■ **Exercise brief**: What are the lines, word for word, from the line with "Plakat w ramie" up to and including the line with "Jack & Jones" in the records below? Omit the pictures.

■ **Given data**:

.....

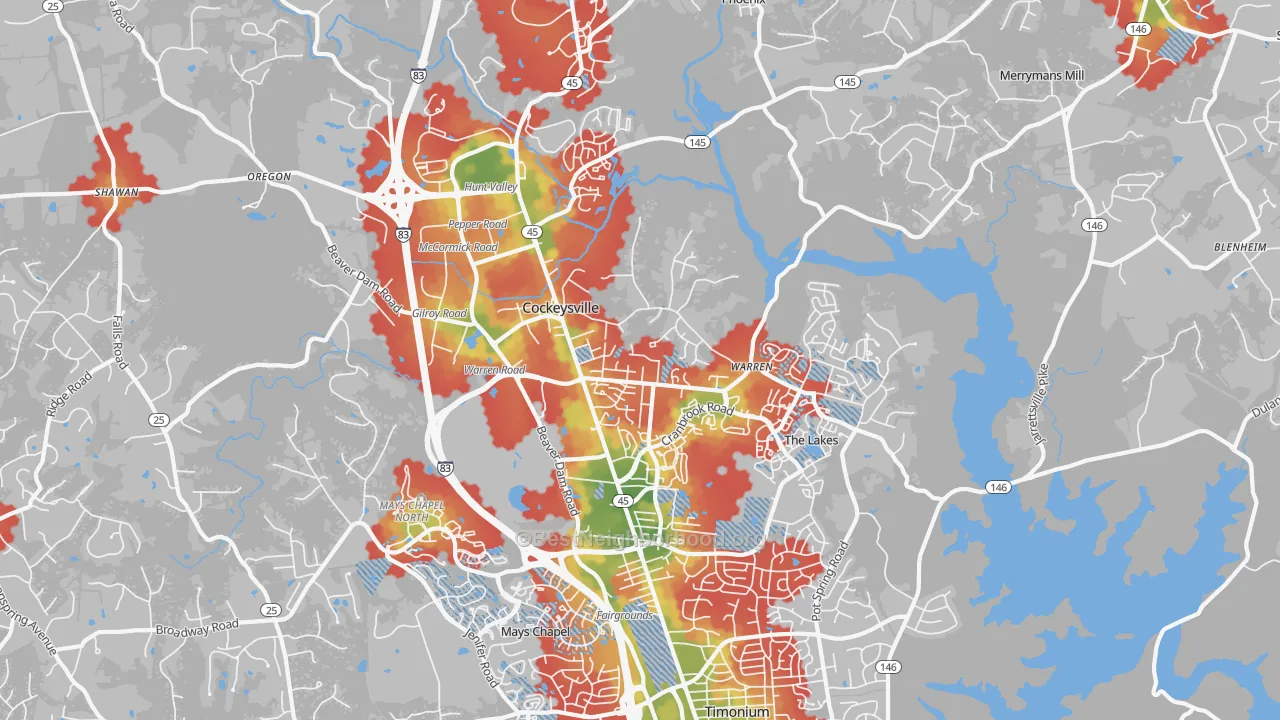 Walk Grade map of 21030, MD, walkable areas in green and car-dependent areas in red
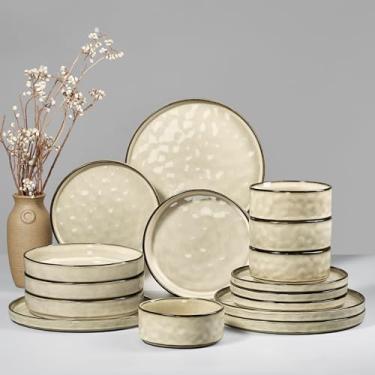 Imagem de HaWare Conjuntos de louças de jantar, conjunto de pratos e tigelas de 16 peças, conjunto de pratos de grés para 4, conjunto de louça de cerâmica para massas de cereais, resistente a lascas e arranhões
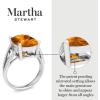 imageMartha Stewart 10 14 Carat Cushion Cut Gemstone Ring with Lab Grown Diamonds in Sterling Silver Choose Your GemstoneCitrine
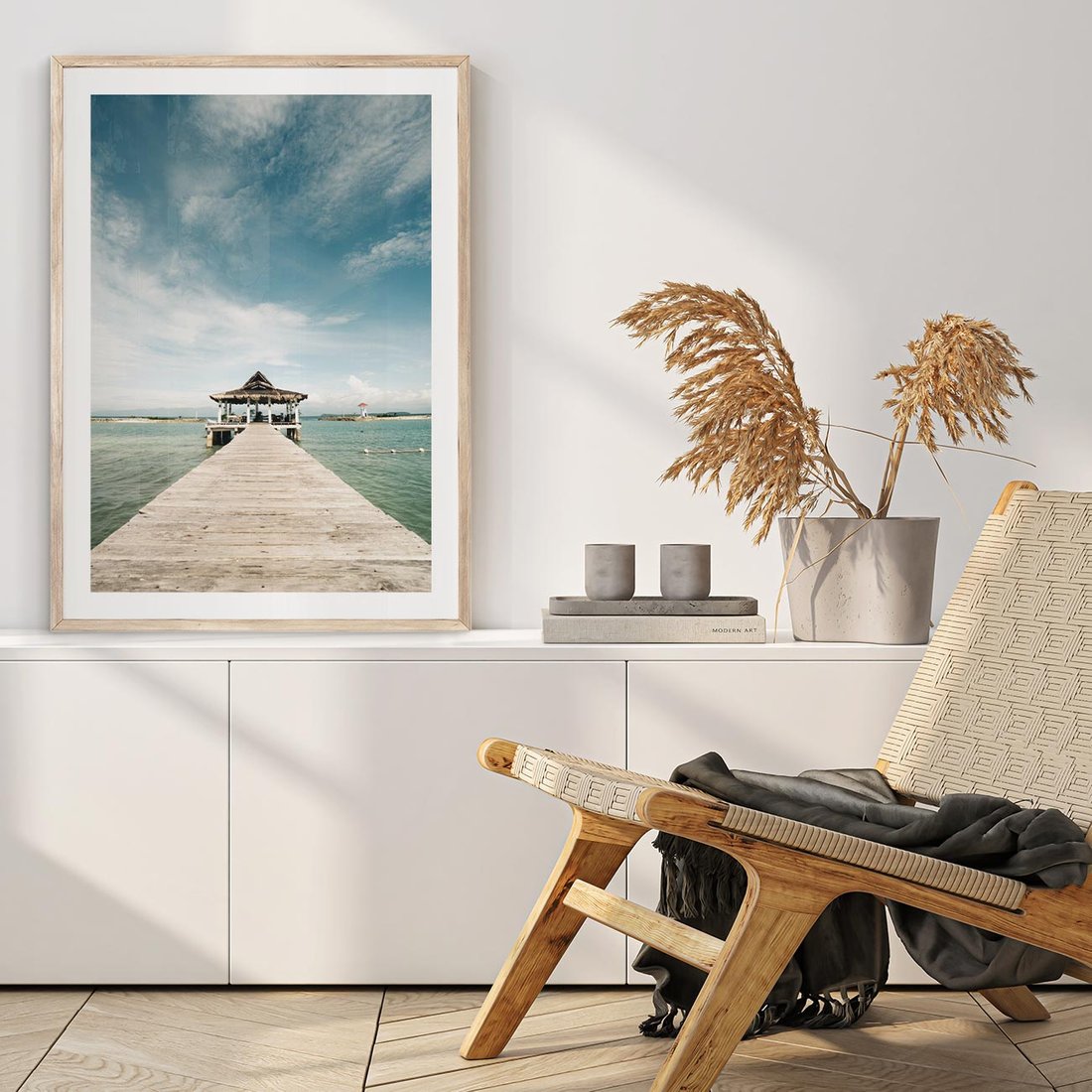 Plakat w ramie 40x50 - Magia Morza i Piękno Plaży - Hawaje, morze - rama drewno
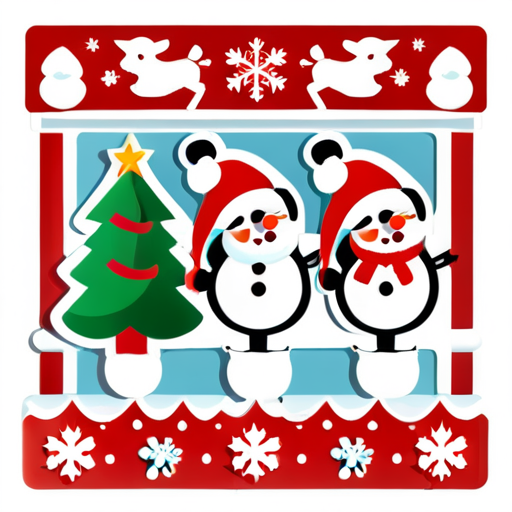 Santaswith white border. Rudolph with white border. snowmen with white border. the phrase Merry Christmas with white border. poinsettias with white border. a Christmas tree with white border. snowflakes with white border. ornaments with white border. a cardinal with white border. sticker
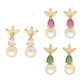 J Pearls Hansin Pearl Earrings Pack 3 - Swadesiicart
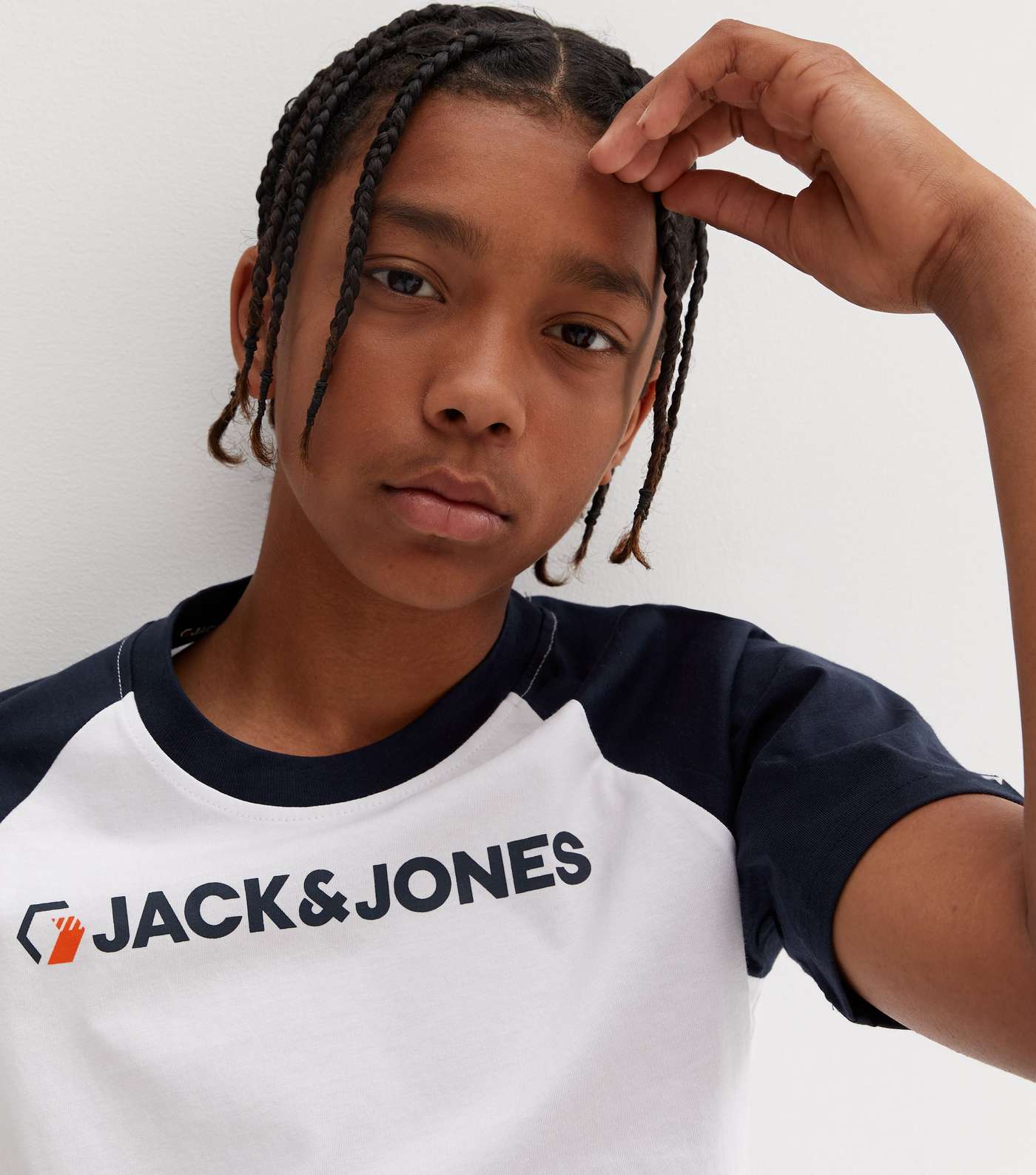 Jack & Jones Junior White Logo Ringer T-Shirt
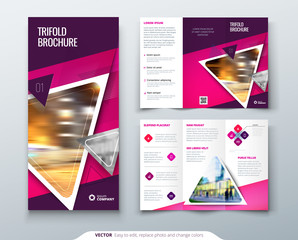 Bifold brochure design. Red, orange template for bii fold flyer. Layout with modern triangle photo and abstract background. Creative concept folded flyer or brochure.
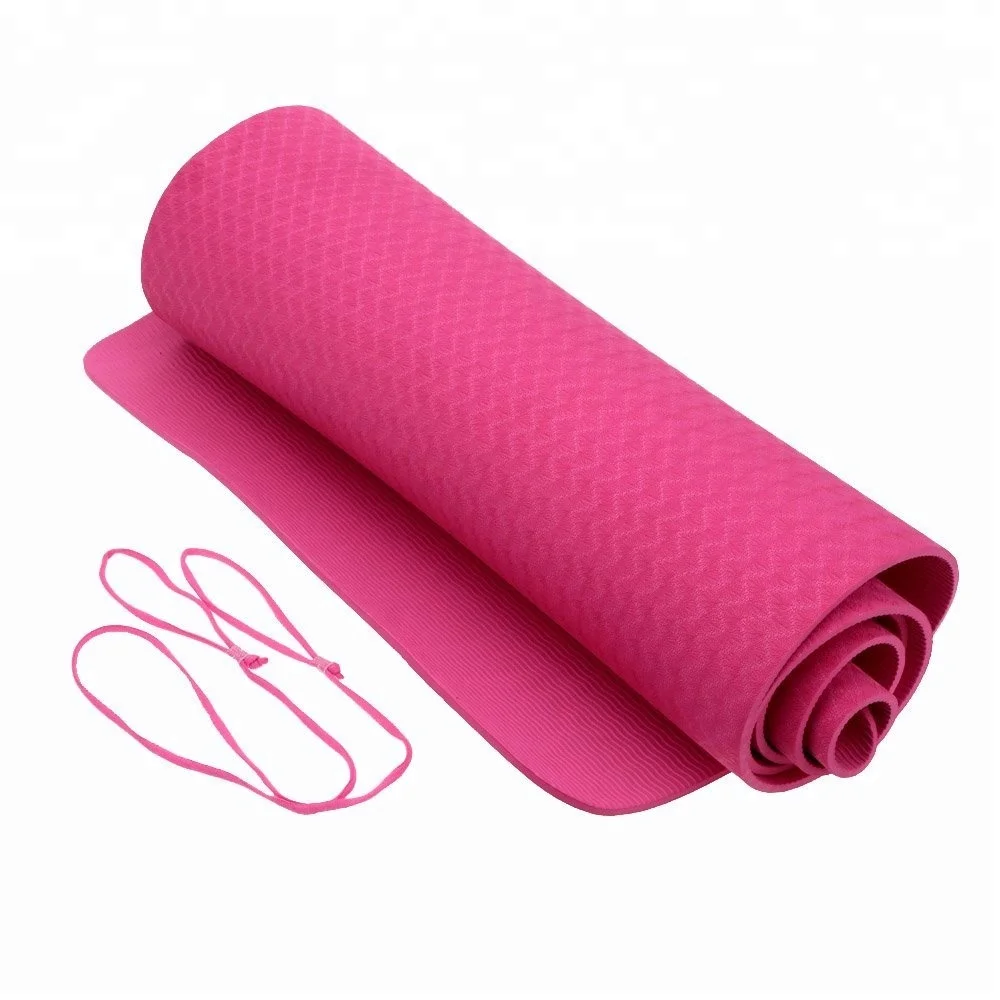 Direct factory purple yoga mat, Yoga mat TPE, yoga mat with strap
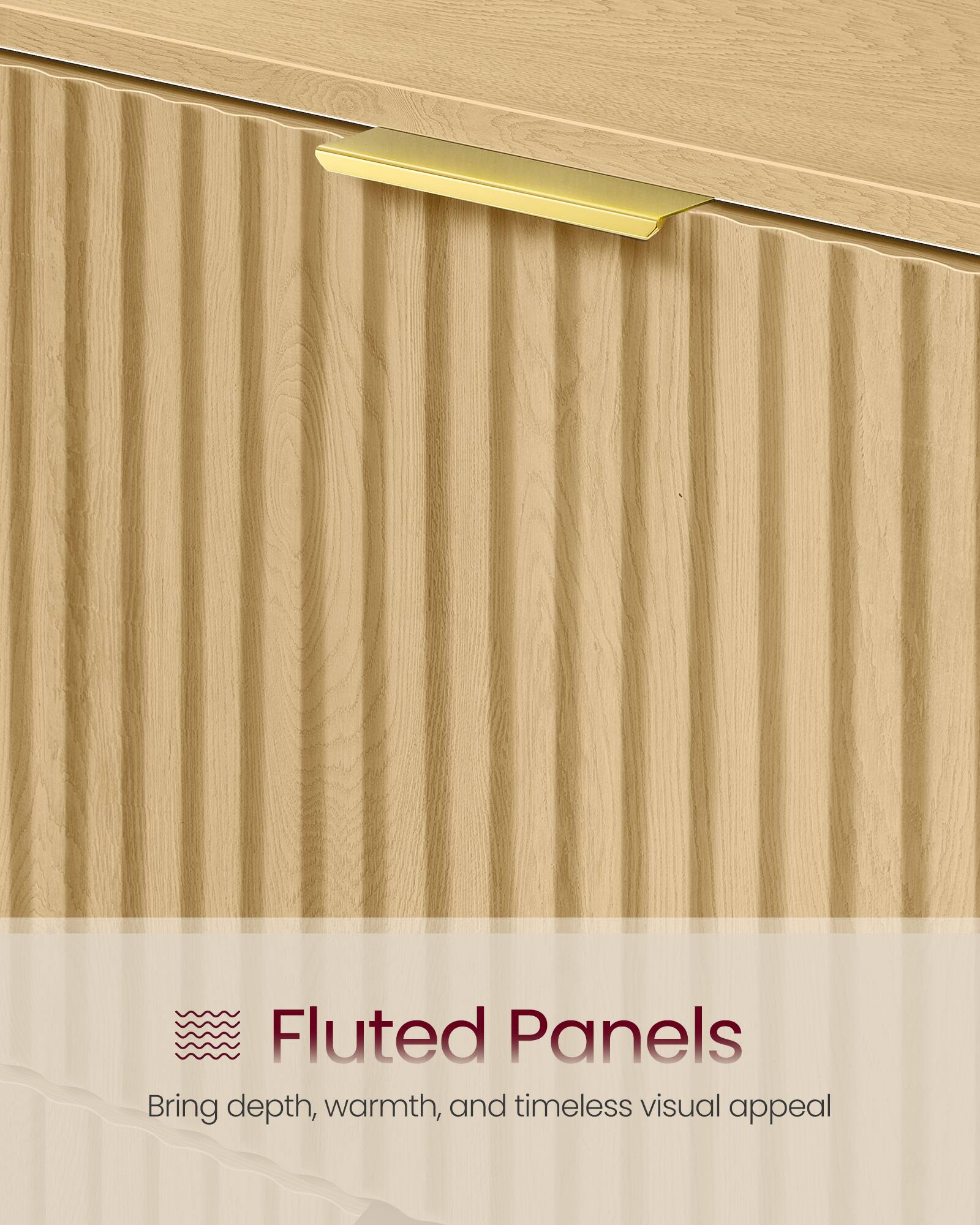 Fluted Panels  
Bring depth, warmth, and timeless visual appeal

.....

■ **Result of the exercise**:
 Plakat w ramie 40x50 - Magia Morza i Piękno Plaży - Hawaje, morze - rama drewno
 Santaswith white border. Rudolph with white border. snowmen with white border. the phrase Merry Christmas with white border. poinsettias with white border. a Christmas tree with white border. snowflakes with white border. ornaments with white border. a cardinal with white border. sticker
 J Pearls Hansin Pearl Earrings Pack 3 - Swadesiicart
 Jack & Jones Junior White Logo Ringer T-Shirt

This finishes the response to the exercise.